Scooby-Doo is a childhood favorite that some fans watch even into adulthood. There’s a lasting charm hidden in Scooby‘s characters, canned laughter, and mysteries that always led to them finding the guy who would have gotten away with it if it weren’t for those meddling kids. One fan would love to see the cartoon come to life in a horror/comedy in the hands of Edgar Wright.

It has all the elements already built into it. After all, Velma, Daphne, Fred, Shaggy, and Scooby investigate haunted houses. Even though they usually find a living person behind the shenanigans, that leaves plenty of room for some real horror action without taking out the humor fans have come to expect in a Scooby story. Is this a good idea? Plans are already in the making, and the debate is getting rich.

One of the similarities between Shaun of the Dead and The Cabin in the Woods, besides the obvious that they are both horror comedies, is that zombies are attacking, an issue that the Scooby Gang has dealt with before. The problem with that is if taking after The Cabin in the Woods, are the main characters expendable? Do they start to die one by one, leaving us with Shaggy and Scooby to save the day?
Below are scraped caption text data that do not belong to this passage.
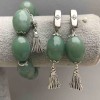 Set aus elastischem Armband und Ohrringen aus facettiertem Nephrit, oval, Durchmesser 21×15 mm, Länge 64 mm ±, mit Metall-Einlagen, Länge 18 cm ±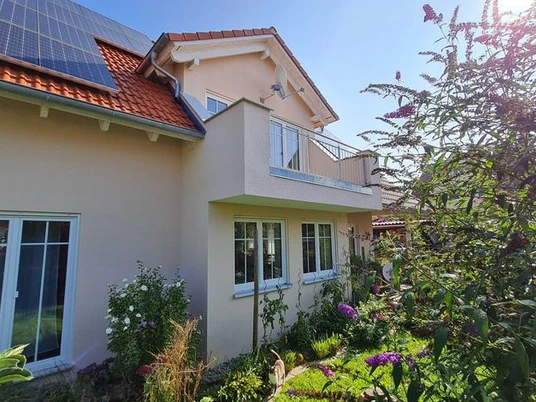 Blick von der Gartenseite (Ferienwohnung im Obergeschoss)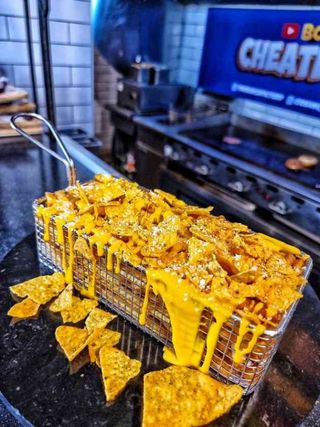 DORITOS NACHOS CHEESE LOADED FRIES 400g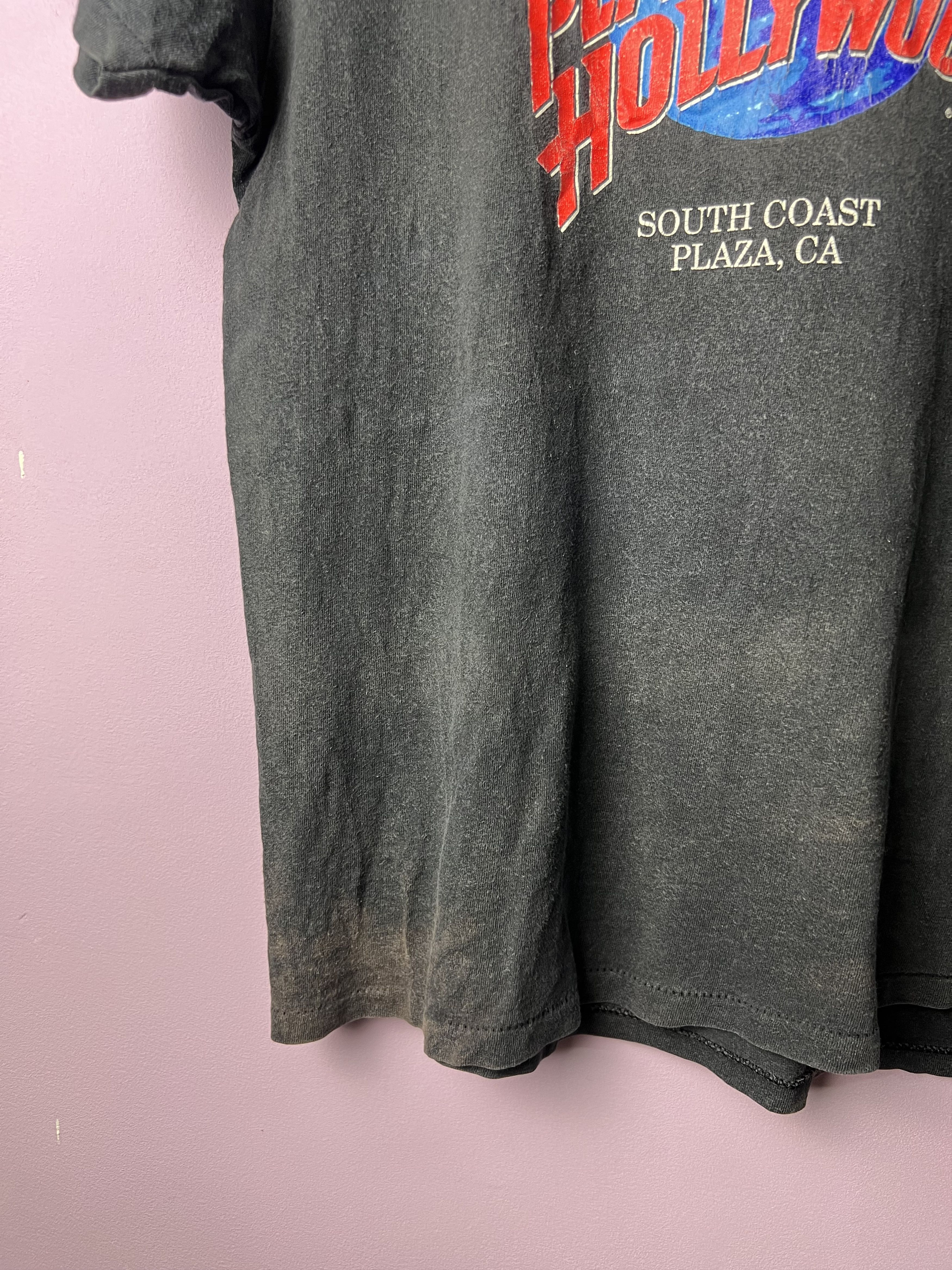 Planet Hollywood 🔥Vintage Planet Hollywood South Coast Plaza Tees Size US M / EU 48-50 / 2 - 4 Thumbnail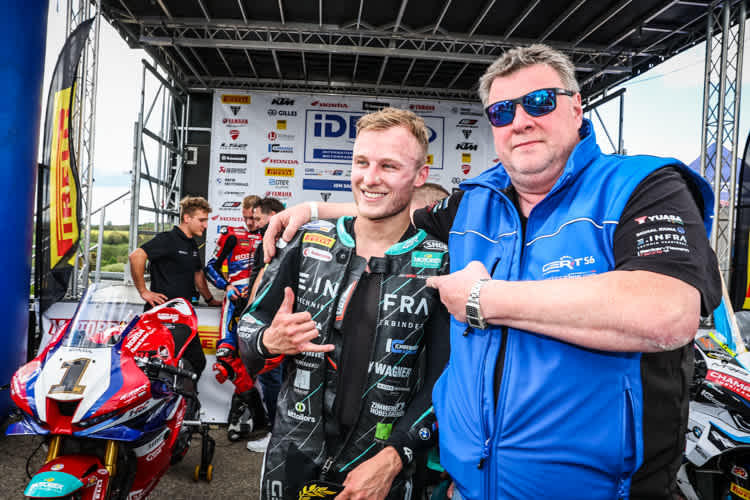 Patrick Hobelsberger (li.) mit Teamchef Karsten Wolf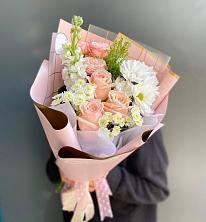 Букет цветов из:  Хризантемы и Розы в Раздольном Новосибирской области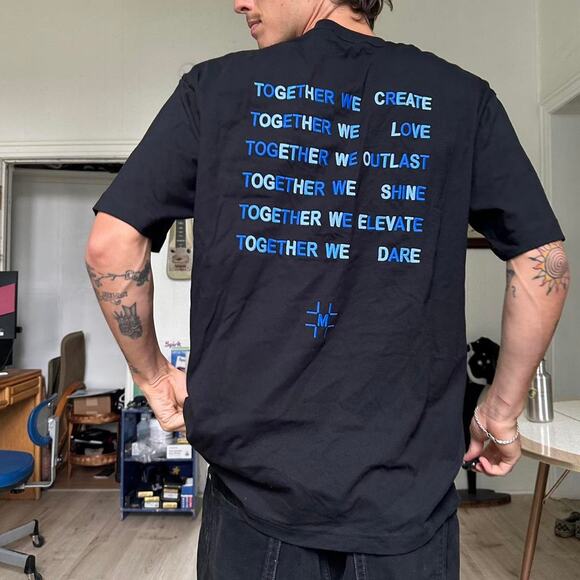 Rare 2022 Closed x Millinsky Embroidered Designer Tee Shirt - Picture 7 of 7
Saturday Morning Mystery was made in 2012, and it told the story of four ghost hunters and a dog that identified itself as a parody of the Scooby toons. Meddling Kids is a 2017 novel that offers a grown-up version of the children’s story. In other words, it’s not like the idea hasn’t been done, and that’s what these two fans offered in their reply.

Of course, any potential filmmakers need to go all the way if they are going to introduce the comedy kids’ show to a whole new genre. Why did Scooby and Shaggy always have the munchies? It might go over a child’s head, but it didn’t miss the adults in the room.

Someone eventually had to say it: Would they really go there? Would any of the leads get murdered? Of course, the other point is true, the haunted houses were rarely haunted and monsters were rarely actual monsters.

One fan couldn’t be more sure that it’s so easy. The writer lets the typewriter bang itself. The filmmaker simply walks onto the set and waves his magic wand. It all is so easy because of what the great ancestors of Mystery Inc. were able to pass down the line to future generations.

What would it take to get an actual scary Scooby Doo that goes beyond the 2002 version? Then again, maybe a Scooby-Doo reinvention is in the making.